Alles was das Gericht für den Urteilsspruch hören wollte - sogar die Verleumdung ihrer eigenen Mutter als Hexe - war aus Anna herausgefoltert worden. Ihr vehementer Widerruf brachte ihr nur erneute Folterungen ein. Mitte Juli war es dann soweit. Annas Hinrichtung sollte gegen drei Uhr sein. Margarethe führte vorher die Eselin aus dem Stall und schenkte sie einem armen Teufel, dem Schuster. Der stand vor seiner Haustür und betrachtete mit wortlosem Kopfschütteln mal das Tier, mal Margarethe, die sich aber rasch umdrehte und zum Richtplatz eilte. Der Schuster gab dem Esel einen Schlag, dass dieser allein die Straße hinab lief. Der Bucklige ging mit zügigen Schritten in seine Werkstatt, nahm das Lederstück mit der Form eines Herzens von der Wand und schnitt mit einem Messer einen festen Riemen daraus, damit stieg er auf den Schemel. Er wartete auf den dritten Schlag der Turmuhr, dann erhängte er sich an dem Fenster, von dem aus er Anna beobachtet hatte.

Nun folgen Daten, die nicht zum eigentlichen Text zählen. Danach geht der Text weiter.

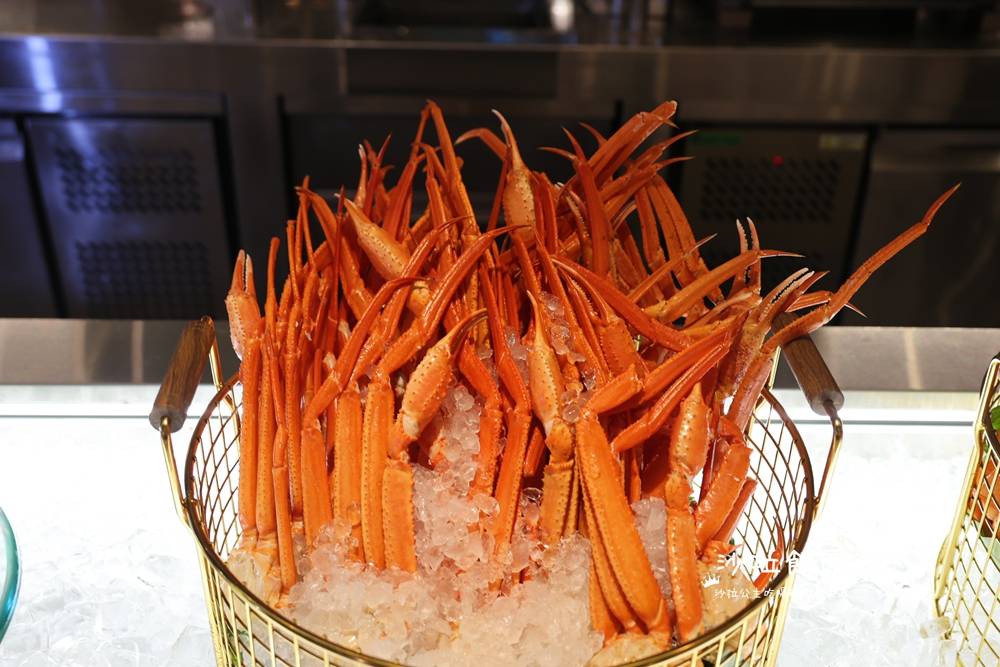 台北寒舍艾美酒店探索廚房強勢回歸帝王蟹、龍蝦、鮑魚、生蠔、干貝、松葉蟹 一次到位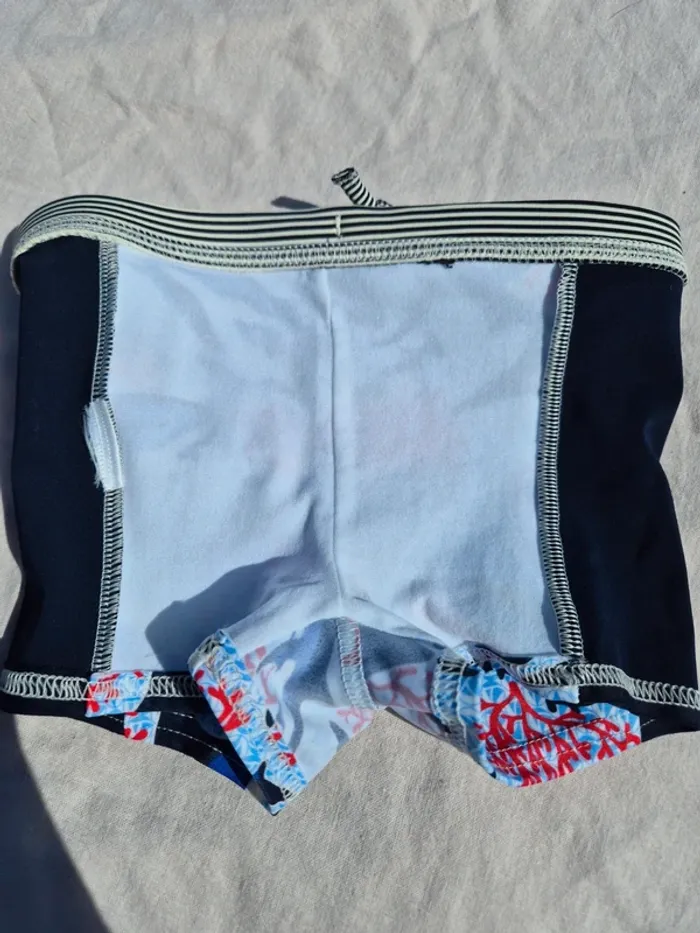 Maillot short requin - photo numéro 4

Ehe Margarethe den leeren Stall verriegelte, legte sie das Geld aus dem Landverkauf, dem nur der Gulden für die Bittschrift fehlte, auf die Rechnung des Gerichts, die auf dem Melkschemel lag. Alleine die Mahlzeiten, Aufwartungen und der von Gericht und Priester genossene Wein überstiegen den Erlös aus dem Verkauf des Kyllgartens. Es reichte nicht mehr für die Kosten der Strangulation mit der dazu benötigten Eisenkette und die Reisigbündel für die Hütte. die allein schon 15 Gulden kostete. Die würde sie schuldig bleiben müssen. Viel Volk - begleitet von fliegenden Händlern - war dem Henkerskarren zum Hochgericht hinauf gefolgt. Für Margarethe waren sie nur eine graue sich bewegende Masse. Ihre weiße Haube zog sie tiefer ins Gesicht um niemanden anzusehen. Ihr einziger Wunsch war es, sich so weit nach vorne durchzudrängen, um so nah wie möglich bei Anna zu sein. Es gelang ihr einen allerletzten Blick mit ihrem Kind zu tauschen, als der Henker neben die an den Pfahl Gebundene in der Reisighütte trat. Als er einen Moment später herauskam, hing Annas Kopf weit nach hinten gesunken und doch stand sie immer noch, festgehalten durch Seile, aufrecht in ihrem roten Kleid. Der Gehilfe schloss mit trockenen Holzbündeln den Eingang der Hütte. Die Menge johlte, dicht neben Margarethe gelten Verwünschungen auf als erste Flammen hoch züngelten.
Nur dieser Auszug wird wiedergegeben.